In the equine world, an animal measuring 14.2 hands at the withers and under is a pony. Any equine measuring more than 14.2 is a horse. The average size of a horse is approximately 15.2 hands. However, that's not the average for all horses in all breeds and disciplines. As the saying goes, "Horses for courses," meaning that equines were bred for a certain size and a particular physiology to accomplish specific tasks.
Equines are measured in hands, with each hand constituting 4 inches. That means the average horse standing at 15.2 hands stands 62 inches tall at the withers, or just about 5 feet, 2 inches. Determine your animal's height using a measuring stick or tape from the bottom of the hooves to the withers' top. Place your horse on a level surface when measuring him.
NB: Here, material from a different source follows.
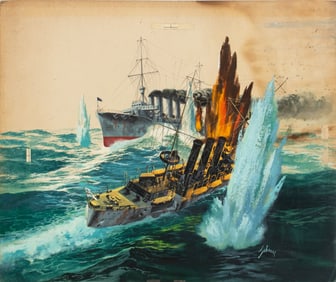 Harry Schaare "The Lonely Command" Mixed Media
Small, Medium and Large Ponies
Ponies are divided by height into categories of small, medium and large. For competition purposes, a small pony can't exceed 12.2 hands in height, and a medium pony ranges from 12.3 to 13.2 hands. A large pony ranges from 13.3 to 14.2 hands.
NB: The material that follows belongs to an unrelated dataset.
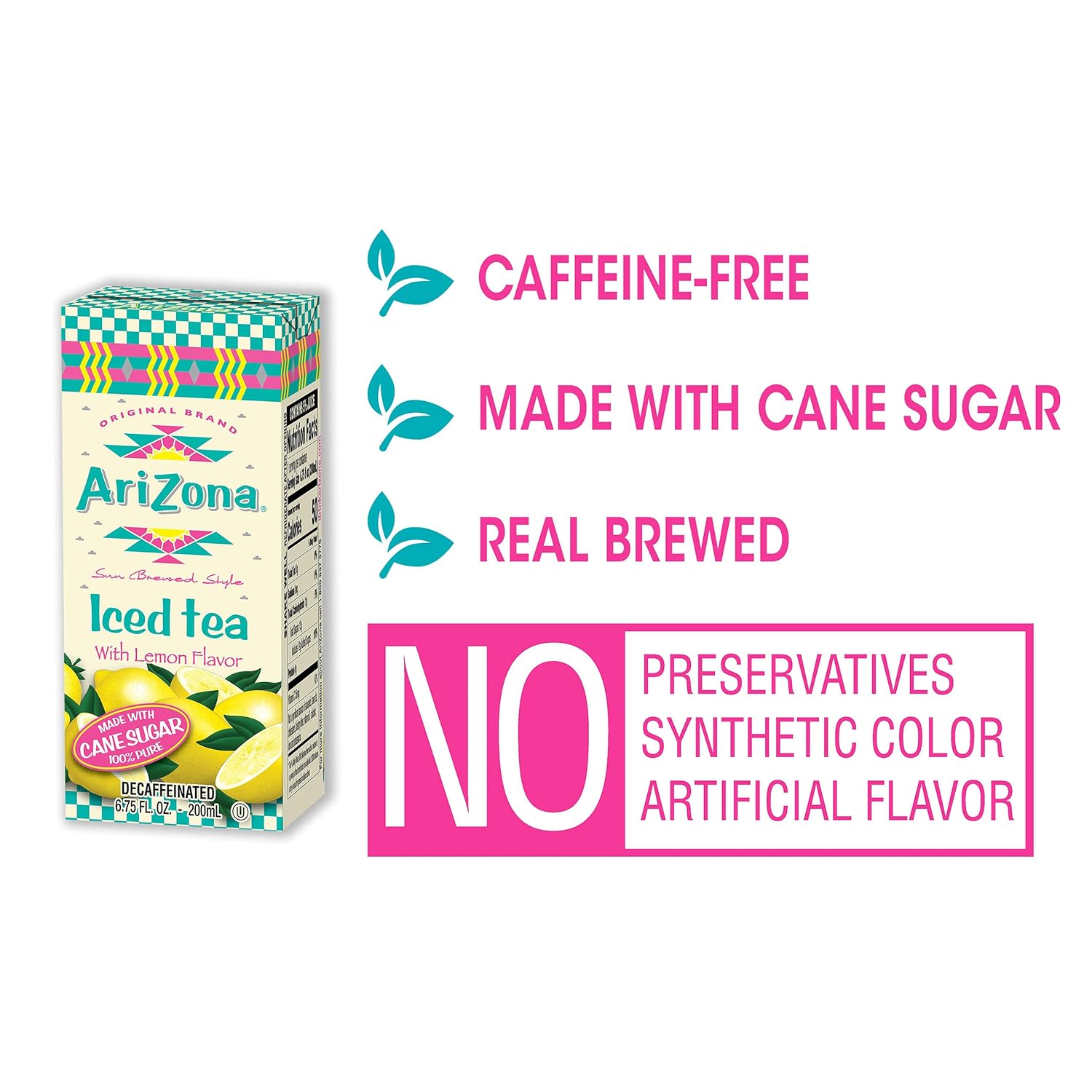 Arizona Decaffeinated Lemon Tea, 6.75 Fl Oz, Pack Of 32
Smaller Average Height Breeds
Some well-known breeds of horses usually mature just about or slightly under the average size. These include the quarter horse -- one of the breeds with the highest annual registrations -- with an average height of 59.3 inches, and a range of 57 to 61 inches tall. The Morgan averages 60 inches, ranging between 56 and 63 inches tall. These two breeds originated in America, but a third average-sized breed did not. The Arabian averages 59.7 inches, ranging between 56 to 63 inches tall.
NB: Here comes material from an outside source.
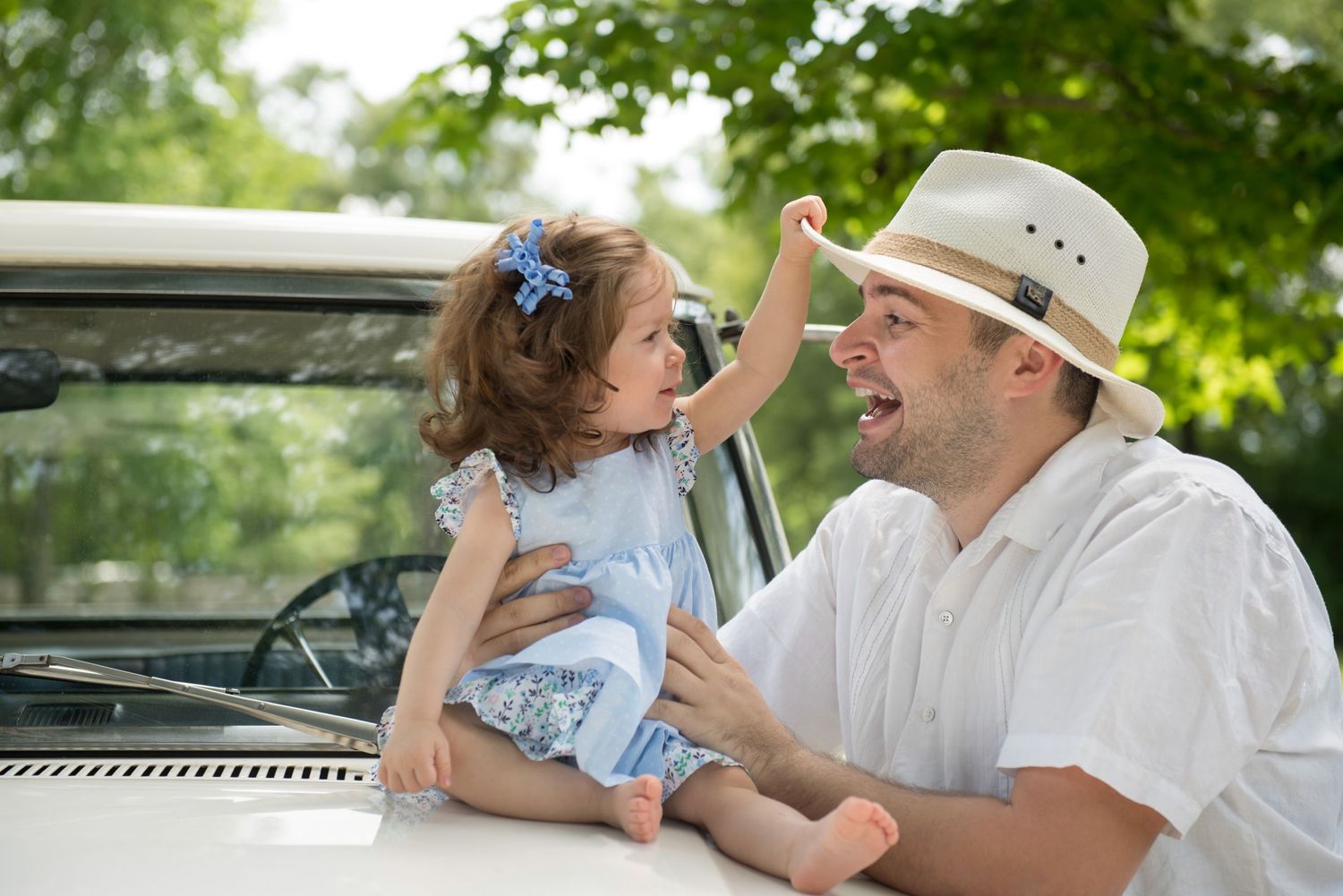 Father Daughter Photography Portrait with Vintage Truck and Hats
Two racing breeds are generally taller than the typical horse, although plenty of them are "average" size. The thoroughbred grows to an average height of 63.78 inches, or about 16 hands, with a range of 62 to 68 inches or more. The standardbred, used for harness racing, averages about 63 inches tall, with a range of 60 to 66 inches or more.
Various warmblood breeds, often used as sport horses in dressage, show jumping and eventing, are the tallest of the equines used primarily for riding. The Danish warmblood ranges from 16.2 to 17 hands tall, or 66 to 68 inches, while the Holsteiner stands between 16 and 17 hands in height, or 64 to 68 inches. The Oldenburg ranges between 16 and 17.2 hands, or 64 to 70 inches.
Draft horses, the heaviest of all equines, also boast taller average heights. These "gentle giants" are true workhorses, capable of pulling enormous amounts of weight. The Belgian, among the most common draft horse breeds, averages 16 hands when full grown. The Percheron averages 16.2 hands, while the Clydesdale averages about 16 to 16.1 hands. The Shire, the tallest and heaviest of the draft breeds, averages 17 hands, with many nearing the 18 hand mark.